My First Walk4Hearing
Stepping Out for the HLAA

I had never attended this walk before. In fact, I’m embarrassed to admit that I had only a tangential understanding of the organization behind Walk4Hearing, Hearing Loss Association of America (HLAA). For most of my life, I tried to hide my hearing loss. HLAA’s mission—to open the world of communication to people with hearing loss through education and advocacy—remained hazy and vague to me because I was trying to avoid that troublesome topic of my own loss.
Then in 2011, I came out of the closet, if you’ll allow me to use an overused yet distressingly accurate phrase, about my hearing loss. I joined the board of the Hearing Health Foundation, excited by their mission to fund a cure for hearing loss. The author Katherine Bouton, who wears a hearing aid in one ear and a cochlear implant in another, introduced me to Holly Cohen, who is an active leader in HLAA of Manhattan.
Once I stepped into Riverside Park, I felt comfortable, understood, downright similar, to the crowd around me.

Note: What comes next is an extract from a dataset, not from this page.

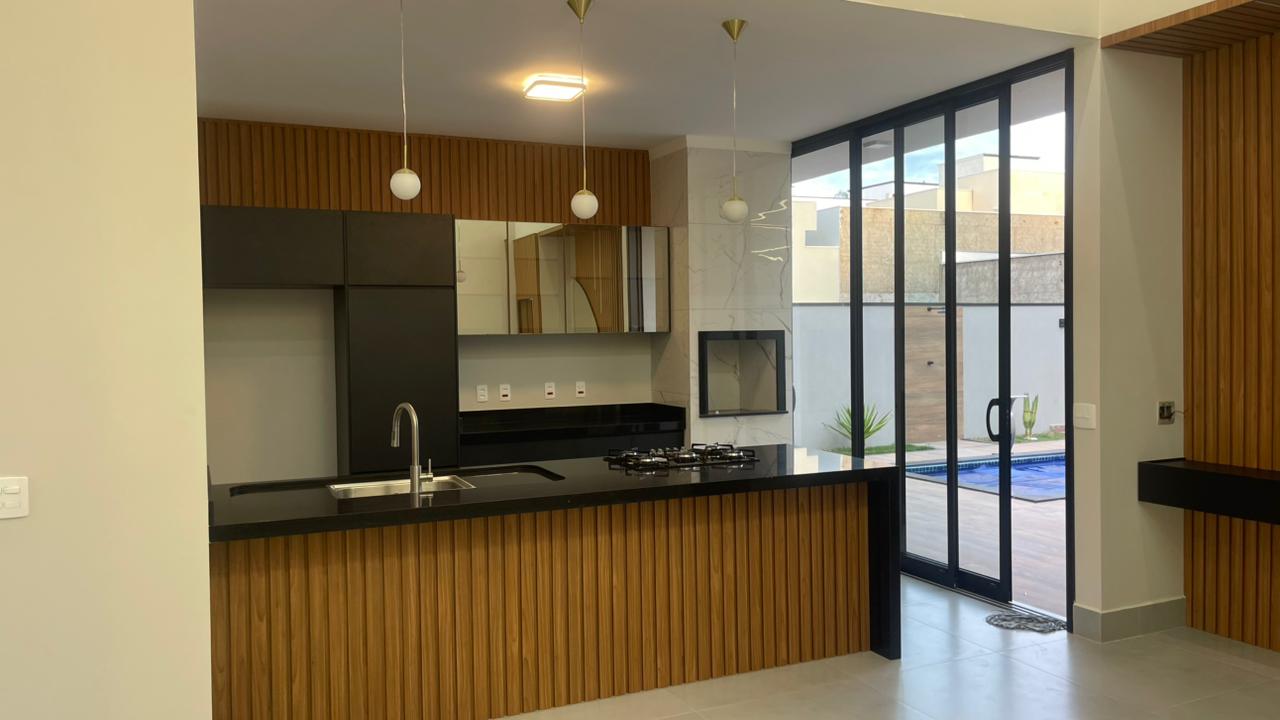 CASA NO CONDOMÍNIO PALM PARK - ESTIVA GERBI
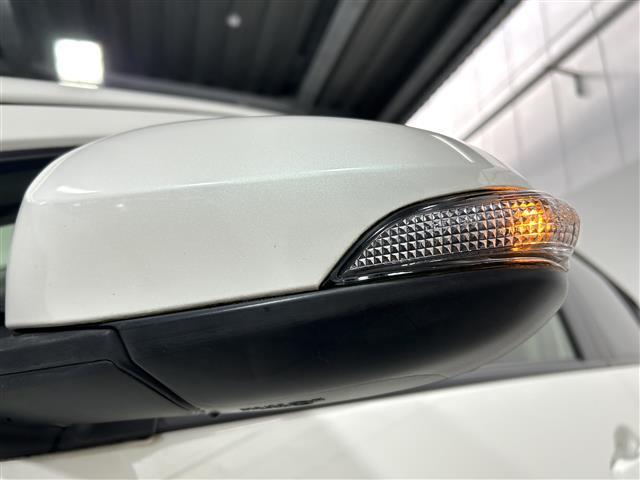 アクア Ｇ　Ｇ’ｓ　ＢＴ接続　ドラレコ付き　ＡＵＴＯライト　ＥＴＣ付き　ＳＤナビゲーション　キーレス　スマートキープッシュスタート　メディアプレイヤー接続　運転席助手席エアバック　横滑防止　ナビＴＶ　パワーステアリング（11枚目）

Holly invited me to the Manhattan Walk4Hearing. I said no. I had a good excuse; my daughter’s soccer games are on Sunday. But perhaps too I said no because part of me wanted to avoid the walk, or more precisely, that part of my identity that has hearing loss, fresh from the closet but still blinking at the glaring light.
Yet providence was on HLAA’s side, because it turned out that my husband and daughter’s YMCA camping trip fell on the same weekend of the walk. I persuaded my 13-year-old son, whose weekend activity of choice is reading TechCrunch, to come with me. When we boarded the bus for Manhattan, I was nervous.
But once I stepped into Riverside Park, I felt comfortable, understood, downright similar, to the crowd around me. How was it, I wondered, that I had allowed so many years to go by without being part of this camaraderie? At the end of the walk, my son wrapped his arm around me. “I had fun,” he said. Next year, I resolved, I would form a team, raise money, and order yellow matching t-shirts. I would do the Walk4Hearing in style.